*** Block opens ***

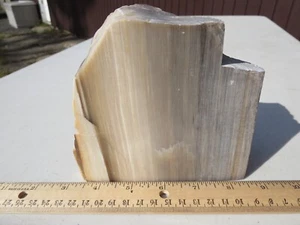 680  FACE POLISHED PETRIFIED WOOD. BEAUTIFUL GRAIN, 2.7#.  EX OLD TIME ROCK SHOP - Picture 1 of 5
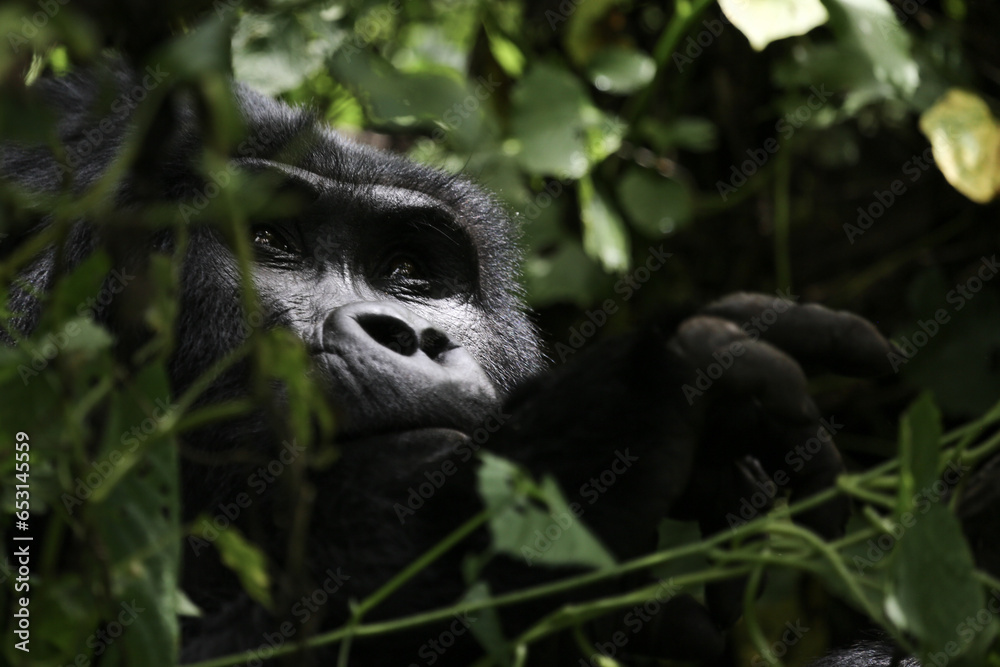 gorilla, uganda gorilla, uganda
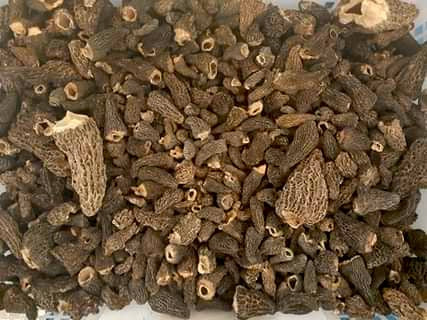 Dried morel mushrooms - Diversified Farm 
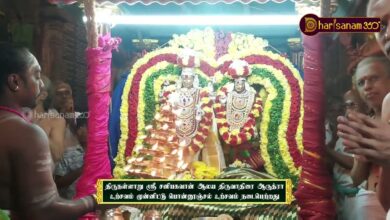 Photo of திருநள்ளாறு ஸ்ரீ சனிபகவான் ஆலய திருவாதிரை ஆருத்ரா உற்சவம் முன்னிட்டு பொன்னூஞ்சல் உற்சவம் நடைபெற்றது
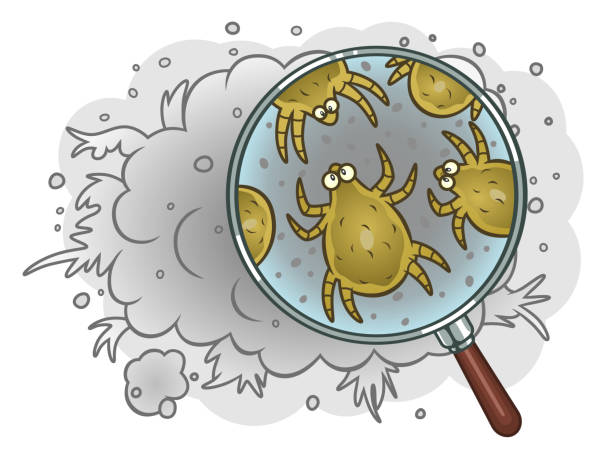 Dust mites in dust Dust mites in the magnifying glass inside the dust. medium group of animals stock illustrations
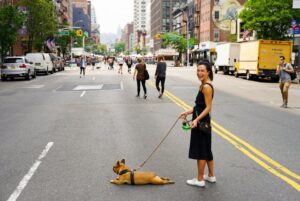 Target Market for Dog Walking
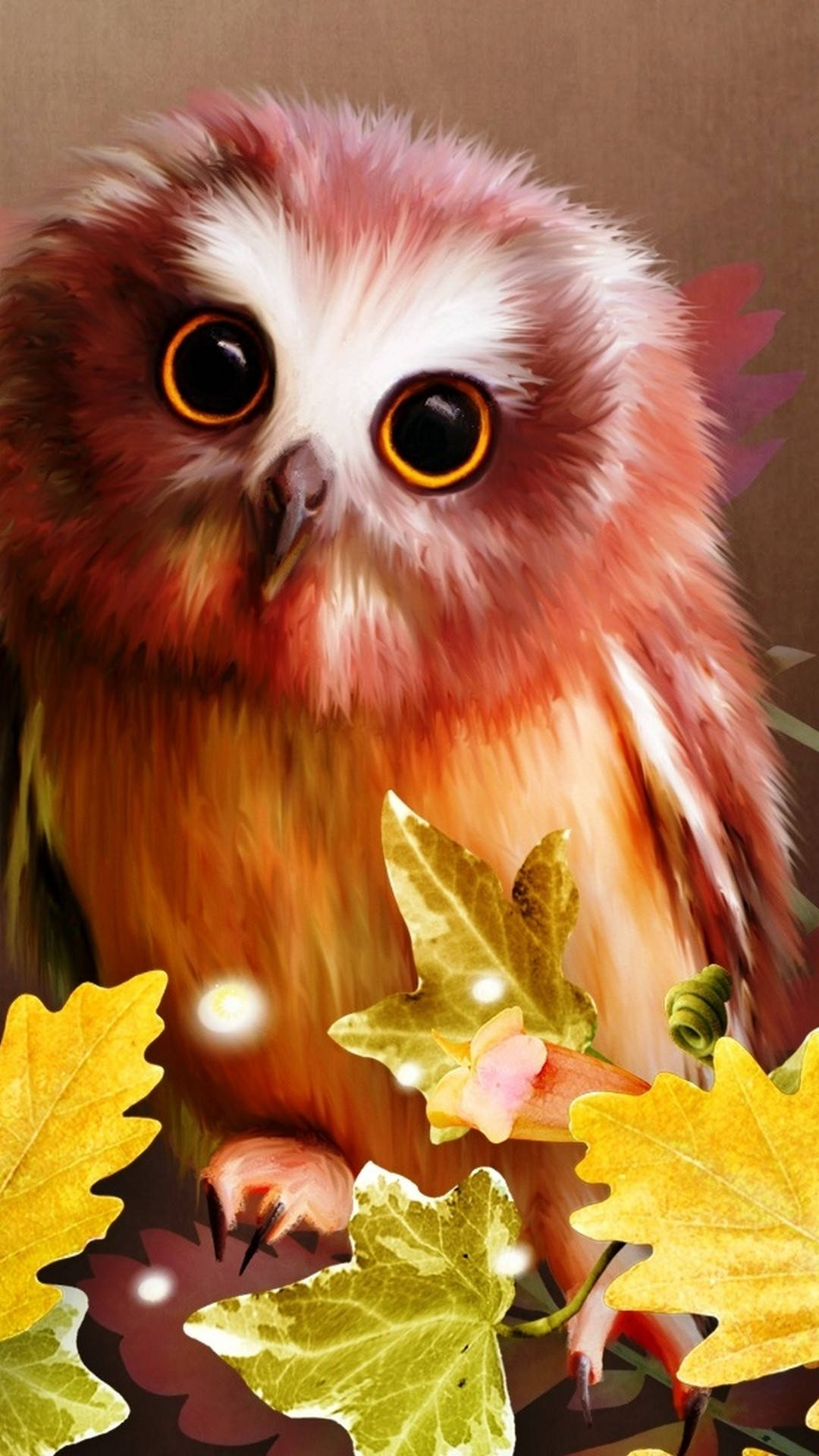 Premium Owl Series #809
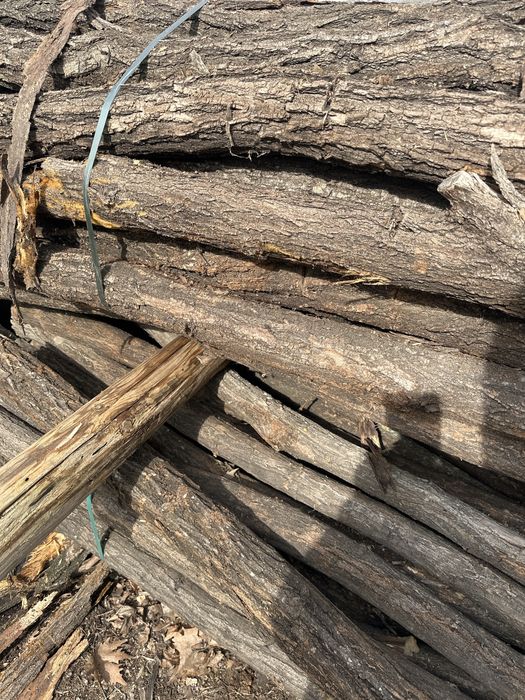 Колове (Акация колове)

*** Block closes ***

▶ WHAT IS EXPECTED
Output each record above exactly as it stands, excluding all pictures.

▶ YOUR RESPONSE
 680  FACE POLISHED PETRIFIED WOOD. BEAUTIFUL GRAIN, 2.7#.  EX OLD TIME ROCK SHOP - Picture 1 of 5
 gorilla, uganda gorilla, uganda
 Dried morel mushrooms - Diversified Farm 
 Photo of திருநள்ளாறு ஸ்ரீ சனிபகவான் ஆலய திருவாதிரை ஆருத்ரா உற்சவம் முன்னிட்டு பொன்னூஞ்சல் உற்சவம் நடைபெற்றது
 Dust mites in dust Dust mites in the magnifying glass inside the dust. medium group of animals stock illustrations
 Target Market for Dog Walking
 Premium Owl Series #809
 Колове (Акация колове)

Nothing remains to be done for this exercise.